# The data
────────────────────────────────────────

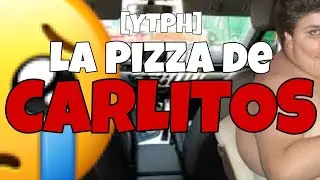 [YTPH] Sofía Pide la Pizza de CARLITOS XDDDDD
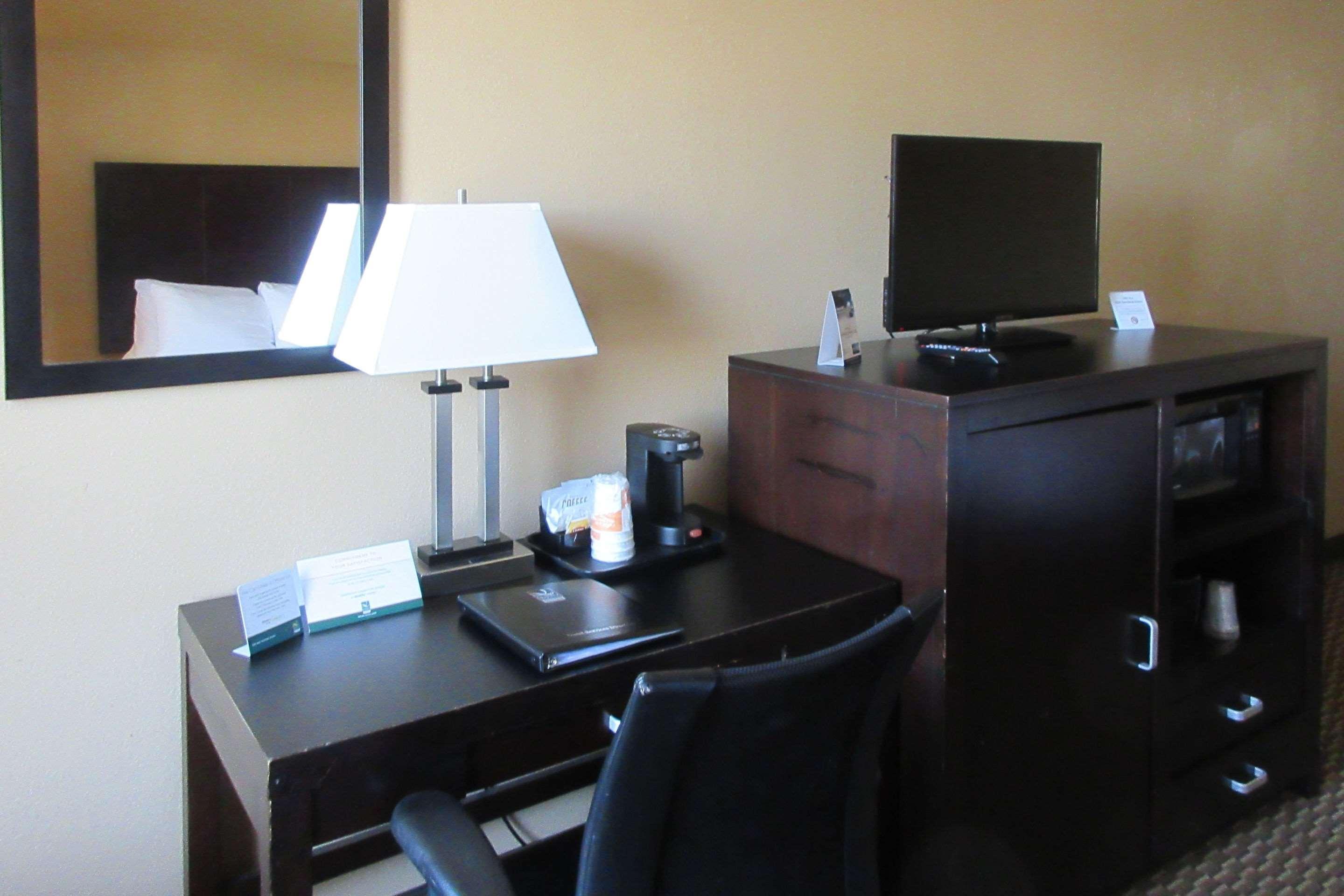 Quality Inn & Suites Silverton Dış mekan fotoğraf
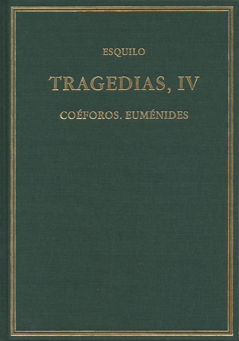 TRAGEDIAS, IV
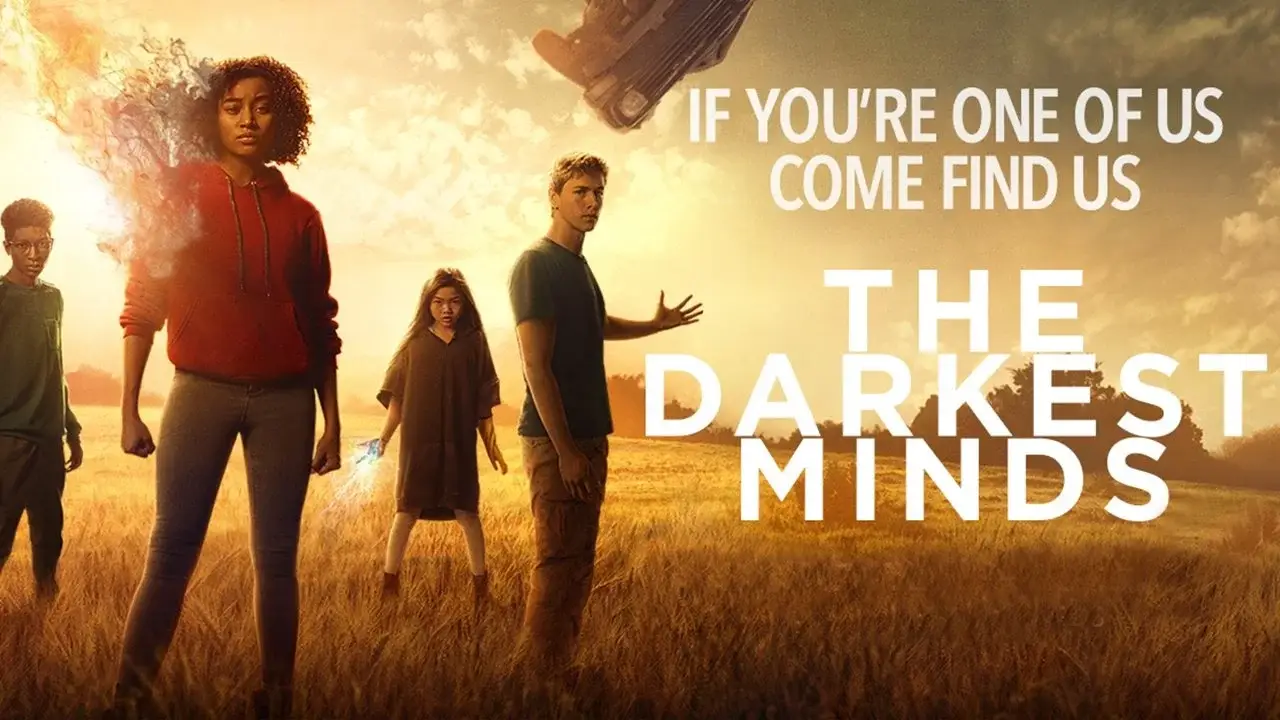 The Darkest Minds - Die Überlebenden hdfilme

────────────────────────────────────────

# Your goal
The answer should contain all the material above, copied exactly, and no images.

# Output below
 [YTPH] Sofía Pide la Pizza de CARLITOS XDDDDD
 Quality Inn & Suites Silverton Dış mekan fotoğraf
 TRAGEDIAS, IV
 The Darkest Minds - Die Überlebenden hdfilme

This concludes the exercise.